Segment Open
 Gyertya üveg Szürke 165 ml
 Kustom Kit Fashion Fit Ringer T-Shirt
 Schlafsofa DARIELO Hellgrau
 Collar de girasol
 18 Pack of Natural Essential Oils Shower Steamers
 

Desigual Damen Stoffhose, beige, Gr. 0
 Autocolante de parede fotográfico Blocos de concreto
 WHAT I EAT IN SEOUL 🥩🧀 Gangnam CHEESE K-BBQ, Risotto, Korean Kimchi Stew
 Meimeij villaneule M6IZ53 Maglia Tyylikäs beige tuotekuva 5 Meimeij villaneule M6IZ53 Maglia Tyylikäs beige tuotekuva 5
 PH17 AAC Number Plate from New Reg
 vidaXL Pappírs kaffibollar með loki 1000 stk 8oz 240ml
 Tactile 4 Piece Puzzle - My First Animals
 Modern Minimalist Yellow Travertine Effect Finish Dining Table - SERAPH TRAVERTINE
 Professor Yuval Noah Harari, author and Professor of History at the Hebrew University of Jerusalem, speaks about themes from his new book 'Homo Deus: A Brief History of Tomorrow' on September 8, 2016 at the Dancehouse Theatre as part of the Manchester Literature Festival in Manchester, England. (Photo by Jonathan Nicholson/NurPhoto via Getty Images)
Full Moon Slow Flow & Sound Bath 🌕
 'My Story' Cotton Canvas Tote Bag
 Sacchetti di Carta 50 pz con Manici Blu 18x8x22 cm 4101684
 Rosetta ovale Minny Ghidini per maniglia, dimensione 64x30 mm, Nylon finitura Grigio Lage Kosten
Segment Closed
Could you please reproduce each record exactly, leaving nothing out?

 Gyertya üveg Szürke 165 ml
 Kustom Kit Fashion Fit Ringer T-Shirt
 Schlafsofa DARIELO Hellgrau
 Collar de girasol
 18 Pack of Natural Essential Oils Shower Steamers
 

Desigual Damen Stoffhose, beige, Gr. 0
 Autocolante de parede fotográfico Blocos de concreto
 WHAT I EAT IN SEOUL 🥩🧀 Gangnam CHEESE K-BBQ, Risotto, Korean Kimchi Stew
 Meimeij villaneule M6IZ53 Maglia Tyylikäs beige tuotekuva 5 Meimeij villaneule M6IZ53 Maglia Tyylikäs beige tuotekuva 5
 PH17 AAC Number Plate from New Reg
 vidaXL Pappírs kaffibollar með loki 1000 stk 8oz 240ml
 Tactile 4 Piece Puzzle - My First Animals
 Modern Minimalist Yellow Travertine Effect Finish Dining Table - SERAPH TRAVERTINE
 Professor Yuval Noah Harari, author and Professor of History at the Hebrew University of Jerusalem, speaks about themes from his new book 'Homo Deus: A Brief History of Tomorrow' on September 8, 2016 at the Dancehouse Theatre as part of the Manchester Literature Festival in Manchester, England. (Photo by Jonathan Nicholson/NurPhoto via Getty Images)
Full Moon Slow Flow & Sound Bath 🌕
 'My Story' Cotton Canvas Tote Bag
 Sacchetti di Carta 50 pz con Manici Blu 18x8x22 cm 4101684
 Rosetta ovale Minny Ghidini per maniglia, dimensione 64x30 mm, Nylon finitura Grigio Lage Kosten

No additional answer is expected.